I just saw a second hand Dawes Galaxy for sale outside a local bike shop for £250. It's pretty old and has got rust. Is this a massive bargain or a bit silly considering the condition? How can I tell if the rust is just surface or if there's a problem in the tubes?

Any advice would be very gratefully received.

Thank you!

Spoonranger.


----------



## Danny (12 Jul 2012)

Difficult to tell how bad it is without seeing the bike or knowing how old it is. Are you able to get some more info and/or post a picture?

If it is an old bike I would be as worried about the state of the components and wheels as I would about any rust on the frame. If you have to replace, or even service, most of these you could be into hundreds of pounds of extra expense - cost will depend on how much of the work you can do yourself.
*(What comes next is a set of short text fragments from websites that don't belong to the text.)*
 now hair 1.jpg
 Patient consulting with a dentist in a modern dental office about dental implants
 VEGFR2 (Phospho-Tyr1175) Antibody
Also if you want to get the bike resprayed you could easily spend another £100 if you go to a specialist company like Bob Jackson.

So in summary, I think this is unlikely to be a massive bargain unless the bike is in very good condition or you are capable of servicing and respraying it yourself. If you are really keen on the bike I would suggest you try to negotiate with the shop over price or see if you can get them to give the bike a complete service before you buy it.

*NB *As a benchmark I would expect you to be able to pick up a used Dawes Galaxy in reasonable condition on eBay for under £500.


----------



## vernon (12 Jul 2012)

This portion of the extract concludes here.